The Observatory for the Protection of Human Rights Defenders (the Observatory) was created in 1997 by the World Organisation Against Torture (OMCT) and FIDH. The objective of this programme is to prevent or remedy situations of repression against human rights defenders. OMCT and FIDH are both members of ProtectDefenders.eu, the European Union Human Rights Defenders Mechanism implemented by international civil society.

The Nicaraguan Centre for Human Rights (Centro Nicaragüense de Derechos Humanos - CENIDH) is a non-governmental organisation founded in 1990 whose mission is the promotion and protection of human rights in Nicaragua through active and moral support for people in their self-defence, immediate presence in conflicts, proactive mediation, education, and mobilising communication.
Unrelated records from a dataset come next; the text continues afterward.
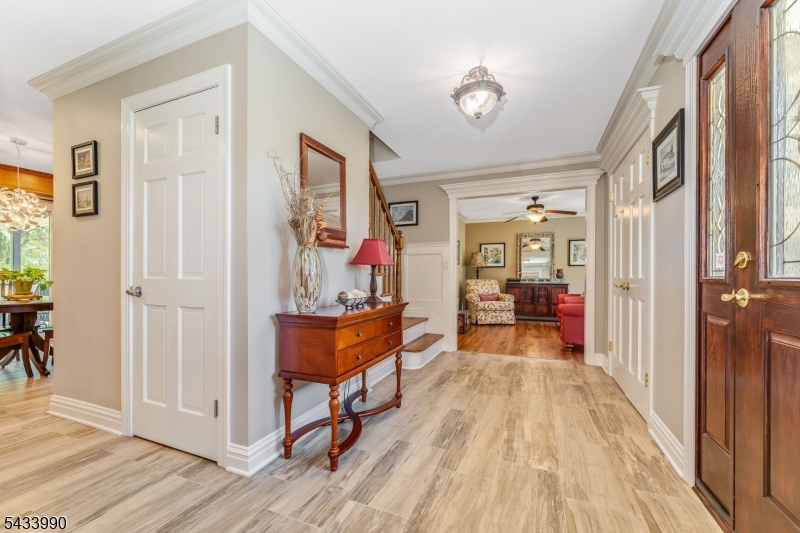 8 Shurts Rd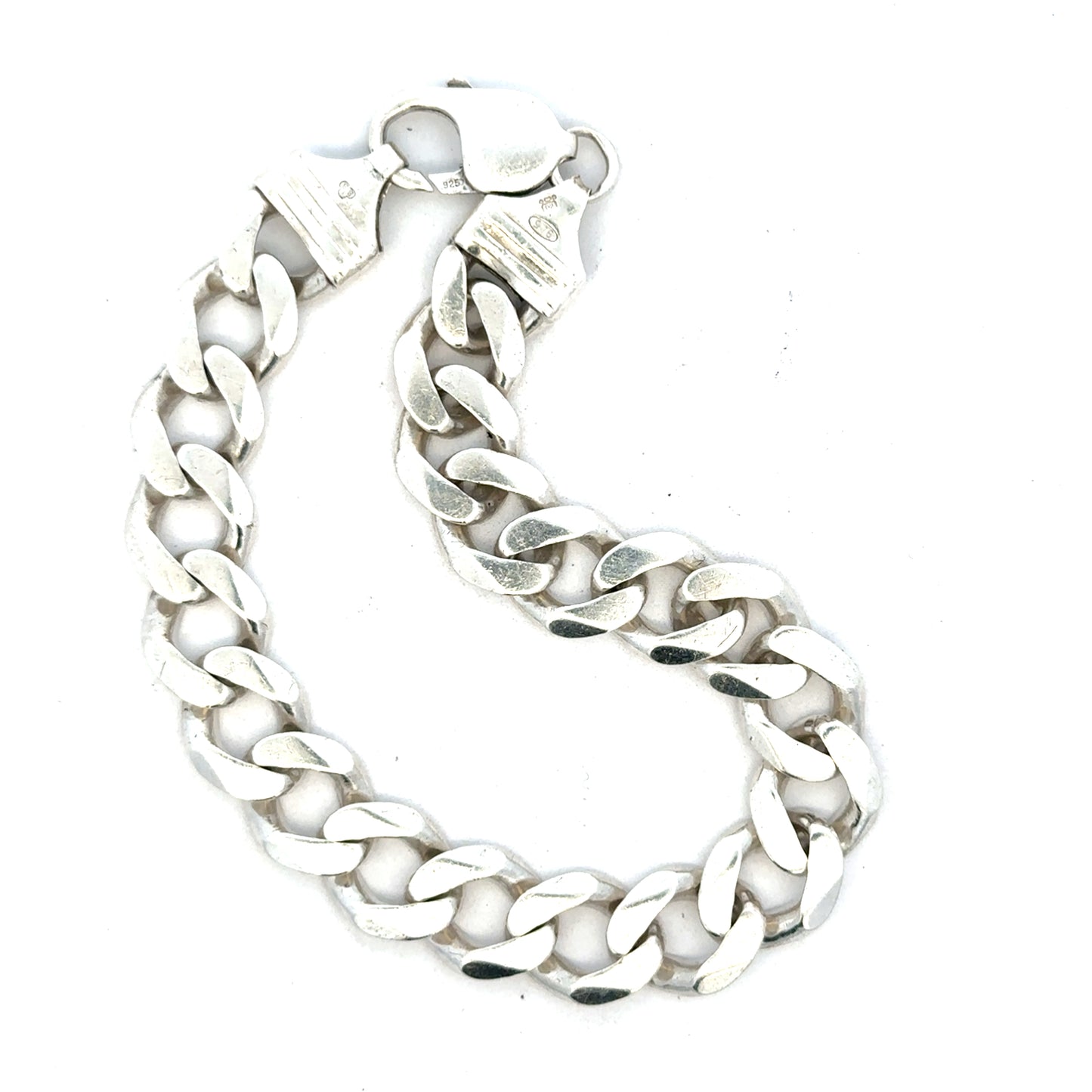 Silver curb bracelet weighing 33.7g with a sleek design, featuring interconnected links, ideal for stylish jewelry collection.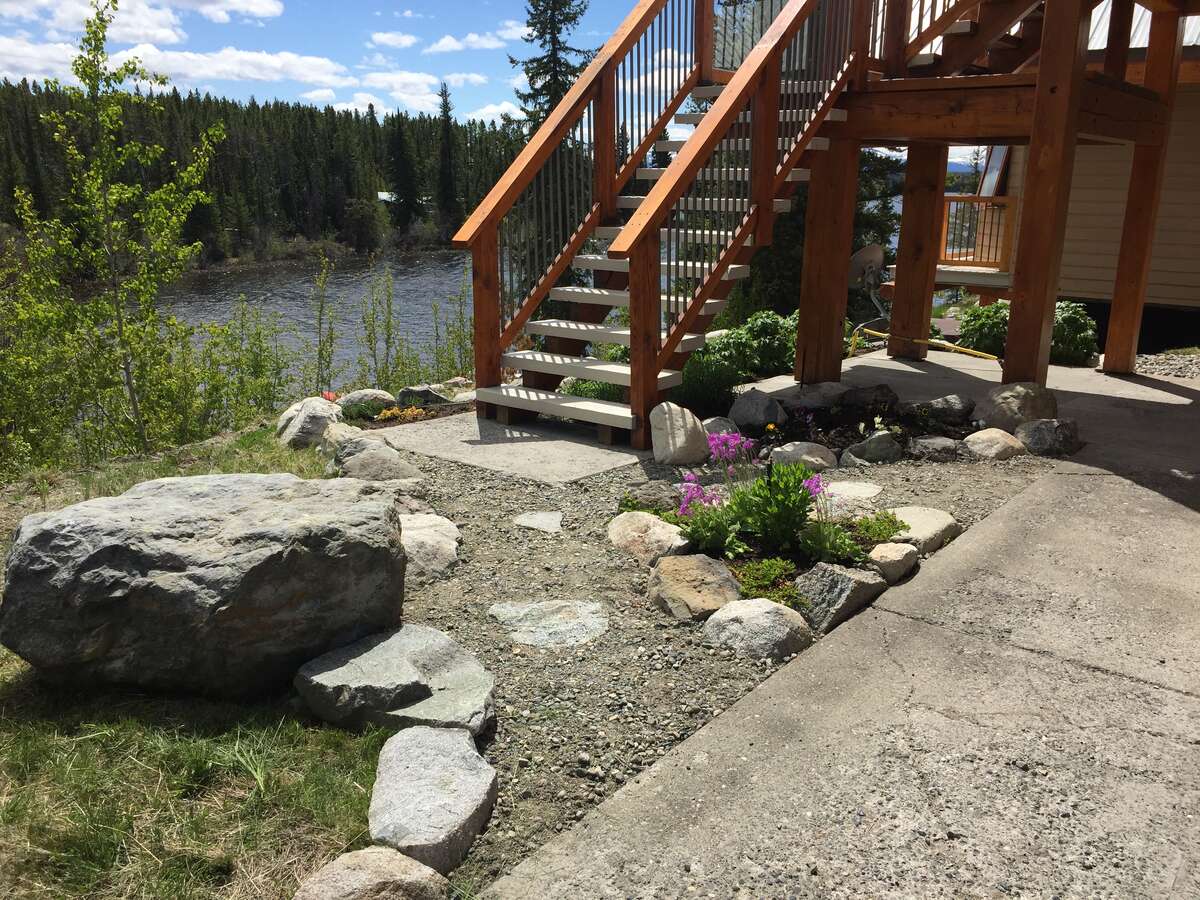 Apt. Stairs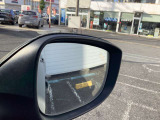 ドアミラーウィンカーも付いてます。 後方から車両が接近するのをお知らせする機能もあります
CENIDH is a member organisation of OMCT’s SOS-Torture Network, as well as of the FIDH.

The Centre for Legal Assistance for Indigenous Peoples (Centro de Asistencia Legal a Pueblos Indígenas - CALPI) is a non-governmental organisation that has been promoting the dissemination and effective enforcement of the rights of ethnic or Afro-descendant communities of the Autonomous Regions of the Caribbean Coast, and of the indigenous peoples of Nicaragua since 1996; through legal counsel for traditional authorities and indigenous and Afro-descendant communities in the defence and preservation of their traditional community lands and other natural resources, in accordance with the rights established in the Political Constitution of the Republic of Nicaragua.

The Centre for Justice and Human Rights of Nicaragua’s Atlantic Coast (Centro por la Justicia y Derechos Humanos de la Costa Atlántica de Nicaragua - CEJUDHCAN) is a non-governmental organisation made up of indigenous professionals that has been working to develop the capacities of indigenous peoples and ethnic communities of the Atlantic Coast of Nicaragua since 2003, to promote actions promote gender equality, the defence of their territorial rights and greater decision-making at the local, regional, national, and international levels.